There is an organism whose population can be determined according to the following rules:

The organism requires at least one other organism to propagate. Thus, if the population goes to 1, then the organism will become extinct in one time cycle (eg one breeding season). In an unusual turn of events, an even number of organisms is not a good thing. The organisms will form pairs and from each pair, only one organism will survive If there are an odd number of organisms and this number is greater than 1 (eg, 3,5,7,9,…), then this is good for population growth. The organisms cannot pair up and in one time cycle, each organism will produce 2 other organisms. In addition, one other organism will be created. (As an example, let us say there are 3 organisms. Since 3 is an odd number greater than 1, in one time cycle, each of the 3 organisms will produce 2 others. This yields 6 additional organisms. Furthermore, there is one more organism produced so the total will be 10 organisms, 3 originals, 6 produced by the 3, and then 1 more.)

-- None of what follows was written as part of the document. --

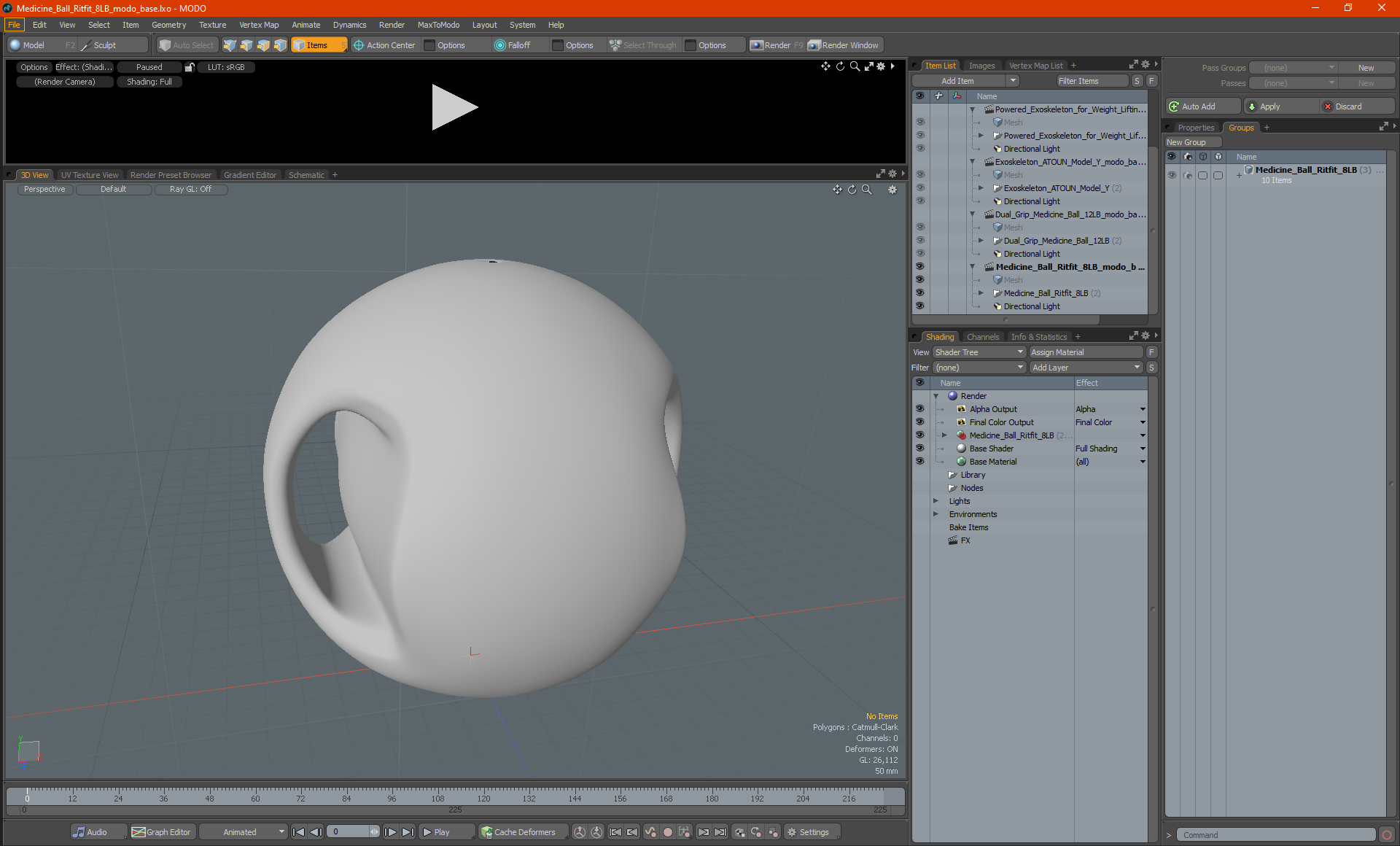 Medicine Ball Ritfit 8LB 3D model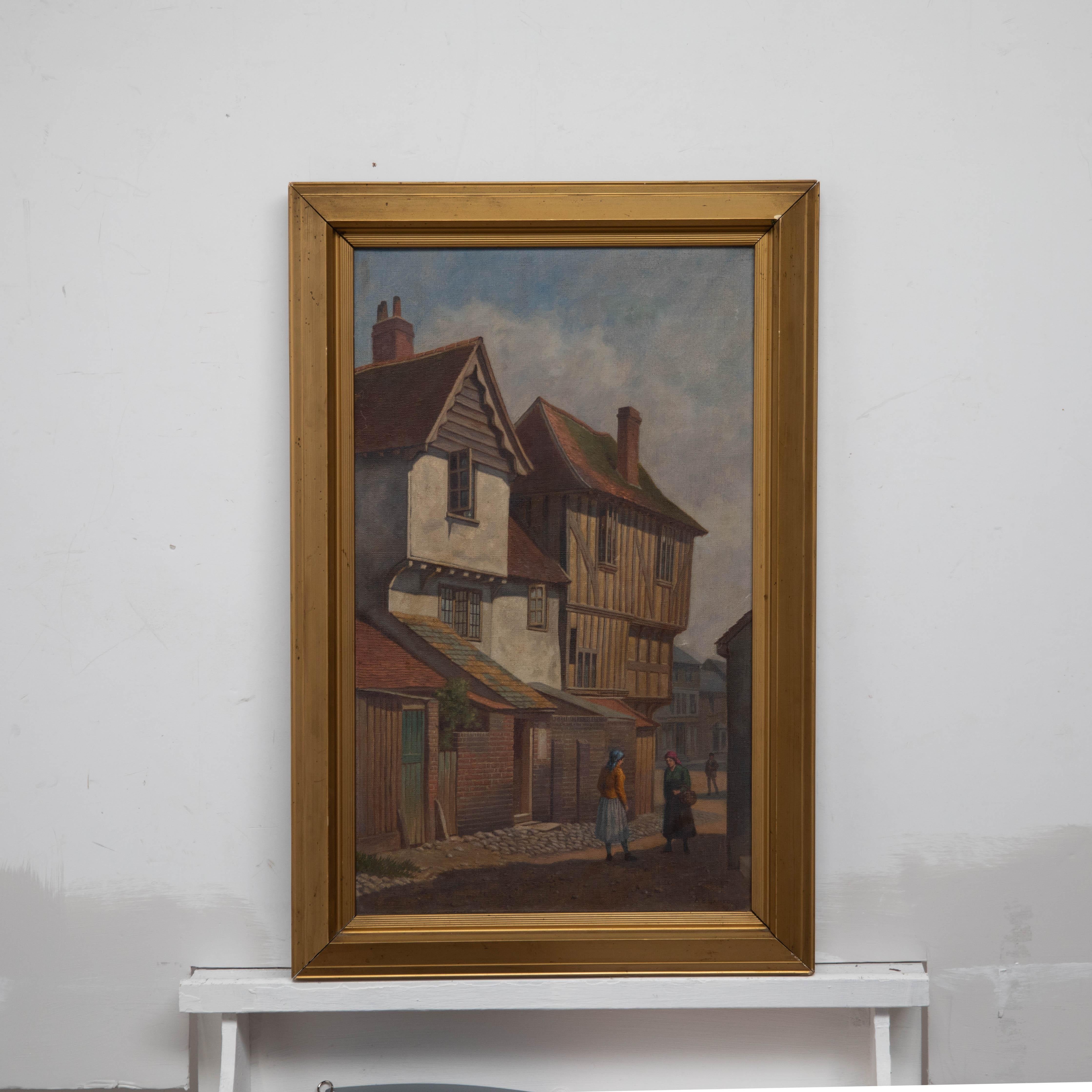 Alfred Bennett Bamford (fl.1880-1930) - Gerahmtes Ölgemälde, Rückstraße der Stadt (Braun), Landscape Painting, von Unknown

A: Write a program that tests initial populations from 1 to 100,000. Find all populations that do not eventually become extinct.

Write your answer here:

B: Find the value of the initial population that eventually goes extinct but that has the largest number of time cycles before it does.

Write your answer here:

The general idea of what I have so far is (lacking sytanx) is this with P representing the population

int generations = 0;

{

if (P is odd) //I'll use a modulus modifier to divide by two and if the result is not 0 then I'll know it's odd

P = 3P + 1

else

P = 1/2 P

generations = generations + 1

}

The problem for me is that I'm uncertain how to tell what numbers will not go extinct or how to figure out which population takes the longest time to go extinct. Any suggestions would be helpful.

Answer 1

Basically what you want to do is this: wrap your code into a while-loop that exits if either P==1 or generations > someMaxValue.

Wrap this construct into a for-loop that counts from 1 to 100,000 and uses this count to set the initial P.

If you always store the generations after your while-loop (eg into an array) you can then search for the greatest element in the array.

Answer 2

This problem can actually be harder than it looks at the first sight. First, you should use memorization to speed things up - for example, with 3 you get 3 -> 10 -> 5 -> 16 -> 8 -> 4 -> 2 -> 1 -> 0, so you know the answer for all those numbers as well (note that every power of 2 will extinct).

But as pointed out by @Jerry, the problem is with the generations which eventually do not extinct - it will be difficult to say when to actually stop. The only chance is that there will (always) be a recurrence (number of organisms you already passed once when examining the current number of organisms), then you can say for sure that the organisms will not extinct.

Edit: I hacked a solution quickly and if it is correct, you are lucky - every population between 1-100,000 seems to eventually extinct (as my program terminated so I didn't actually need to check for recurrences). Will not give you the solution for now so that you can try by yourself and learn, but according to my program the largest number of cycles is 351 (and the number is close to 3/4 of the range). According to the google search for Collatz conjecture, that is a correct number (they say 350 to go to population of 1, where I'm adding one extra cycle to 0), also the initial population number agrees.

One additional hint: Check for integer overflow, and use 64-bit integer (unsigned __int64, unsigned long long) to calculate the population growth, as with 32-bit unsignet int, there is already an overflow in the range of 1-100,000 (the population can indeed grow much higher intermediately) - that was a problem in my initial solution, although it did not change the result. With 64-bit ints I was able to calculate up to 100,000,000 in relatively decent time (didn't try more; optimized release MSVC build), for that I had to limit the memo table to first 80,000,000 items to not go out of memory (compiled in 32-bit with LARGEADDRESSAWARE to be able to use up to 4 GB of memory - when compiled 64-bit the table could of course be larger).